Quella cicatrice resterà per sempre, ma lo ha reso più maturo, saggio, attento. Un anno fa ha portato a casa Katja, una ragazza tranquilla, sincera, dagli occhi caldi.
La osservavo con apprensione, cercando falsità, ma non ne trovai. Katja non cercava di piacermi, non recitava. Era semplicemente se stessa, portava libri preferiti, si sedeva in silenzio accanto a me, e guardavamo fuori dalla finestra quel silenzio era caldo.
Oggi è domenica. Lappartamento profuma di mele al forno e cannella Katja sta preparando una torta di mele con la mia ricetta.
Anna Viktorovna, guarda, la torta è lievitata? sentii la sua voce.
Entrai in cucina: lei e Dima erano accanto al forno. Lui la abbracciava per le spalle e ammiravano la torta come un miracolo. La loro gioia è genuina, non ostentata, colma di fiducia.
È ben lievitata, cara, davvero, sorrisi. Limportante è non aprire il forno troppo presto.
Ricordo, mi dicevi che è capricciosa.
Lei ricorda. Lei ascolta. Per lei la mia esperienza non è spazzatura, ma valore.
Ci sediamo a bere il tè. Dima posa sul tavolo una nuova zuccheriera, semplice, bianca. Verso tranquillamente un cucchiaino di zucchero nella tazza. La paura è sparita. Rimane solo la consapevolezza di cosa le persone possono fare. Ma con lui è arrivata anche la comprensione del vero calore.

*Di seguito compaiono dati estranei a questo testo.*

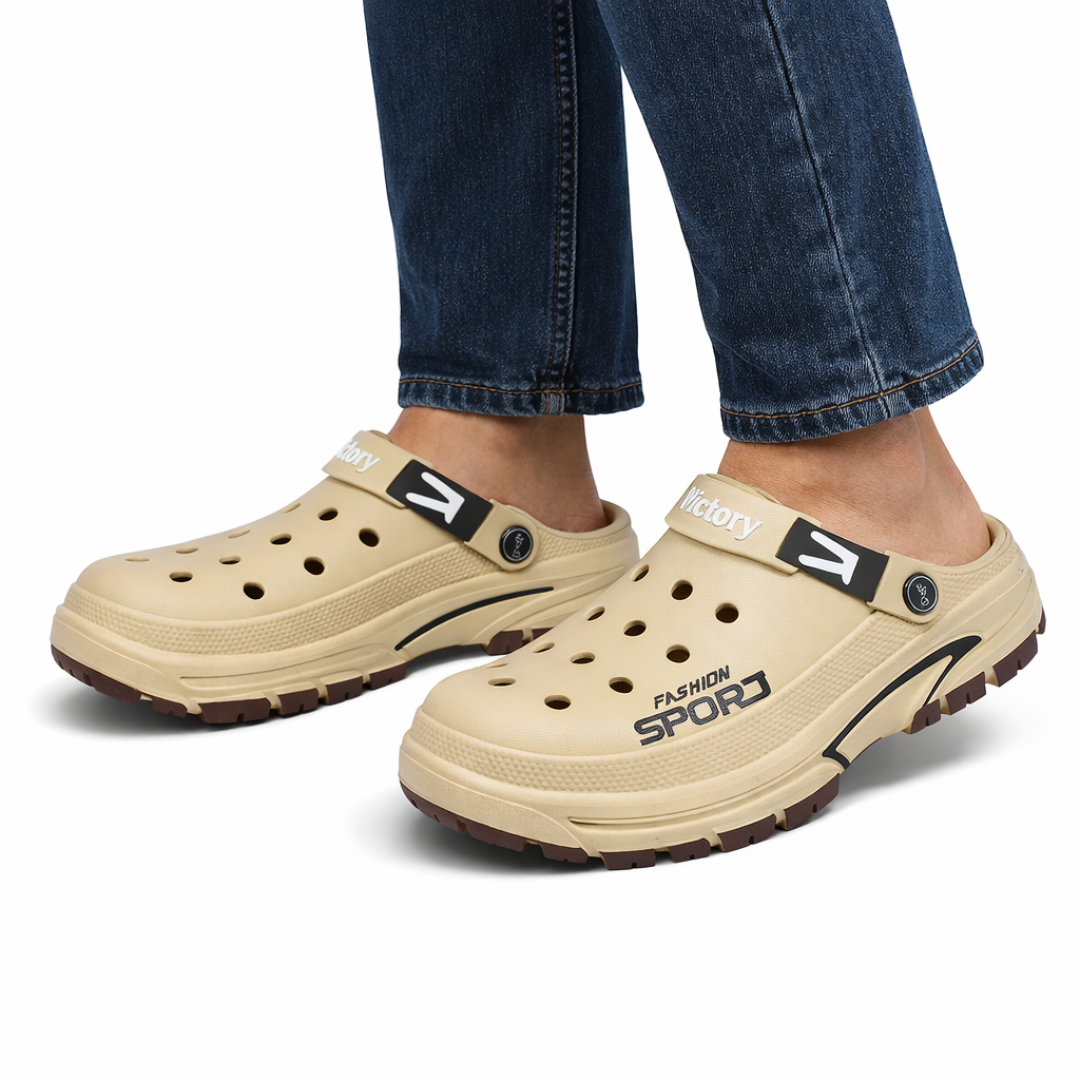 Męskie komfortowe klapki – Antypoślizgowa podeszwa – Oddychający casualowy design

Mamma, ci è venuta unidea, dice Dima, tenendo la mano di Katja. Che ne dite di andare in campagna questo weekend? Tutti insieme.
Guardo mio figlio, che ha imparato a vedere più in profondità, la sua moglie, che ha portato luce, e capisco: non siamo stati spezzati. Siamo stati purificati.
E questa quieta, autentica felicità è la più grande ricompensa.